With increasing attention being paid to the utilization of technology in the financial sector, financial players tend to advance their business with new technology such as facial recognition, not only to gain more customers, but more importantly to offer more possibilities.
"Facial recognition, which has long been used in social networks, has already become a technology mature enough to be utilized in the financial sector," said Yang Tao, assistant director of the Institute of Finance and Banking at the Chinese Academy of Social Sciences.
"It is a wave which all kinds of financial units are trying to catch up with at present, as the technology does enhance their ability to reach more customers."
Integrated with more technologies being applied in the financial sector, such as big data and blockchain, facial recognition will gain a greater role, Yang added.
HSBC Holdings PLC, a British multinational banking and financial services holding company, recently launched facial recognition on its mobile banking platform in China, branding itself as the first foreign bank to offer facial recognition for payments in China.
The newly added biometric authentication allows customers to transfer up to 50,000 yuan (,515) per day to new payees by combining facial recognition with their passwords on HSBC's China's mobile banking app, and frees them from the physical security devices required for such transactions.

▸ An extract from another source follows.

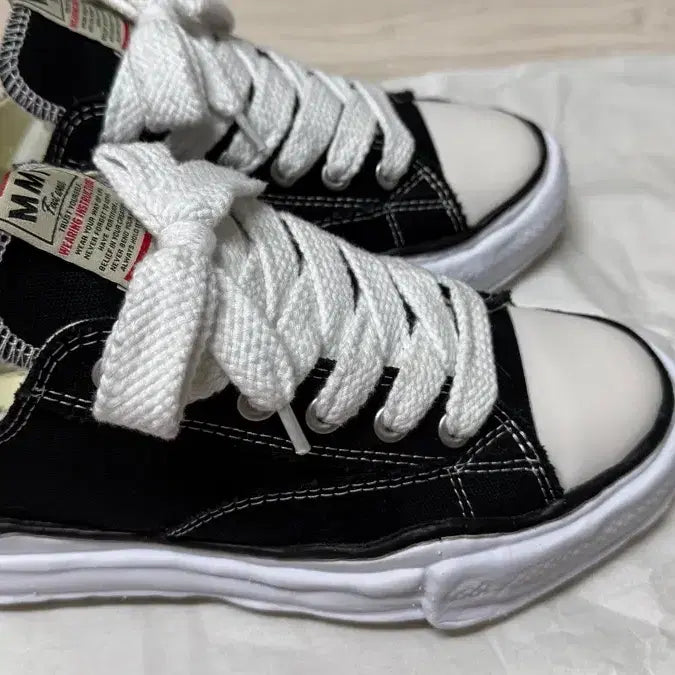 [BUNJANG] Maison Mihara Yasuhiro Peterson OG Sole Canvas Low Sneakers (EU41) / 메종 미하라 야스히로 피터슨 OG솔 캔버스 로우 스니커즈(EU41)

HSBC regards it as a move to promote its mobile payment business in China, one of the world's most new-tech receptive countries.

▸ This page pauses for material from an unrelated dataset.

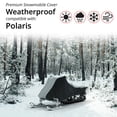 thumbnail image 4 of Car Covers Weatherproof Max Snowmobile Cover & Warranty Compatible with Polaris 2017 600 Indy – Includes Storage Bag, Snowmobile Gear & Protection Accessories, 4 of 4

"Digital technology is rapidly evolving and customers are now able to bank more simply, quickly and in the most secure way possible," said Andrew Connell, retail banking and wealth management head of Digital for Asia Pacific & Innovation and Partnerships at HSBC.
"We see a huge growth opportunity in the adoption of technology for retail banking, not just in China but across the Asia-Pacific region and around the world."
Facial recognition ensures that a real person is in front of the camera instead of a picture, which makes it much more secure than fingerprint recognition. According to the data from HSBC, the error rate for facial recognition would be around one in a million, while that for fingerprints is around one in 50,000.
HSBC is not the only bank promoting this technology in China. With the technology already mature enough to be put into practice, many banks are now using it as an assistive method to authenticate the identities of customers, such as China Merchants Bank, which has equipped its automated teller machines with a facial recognition system.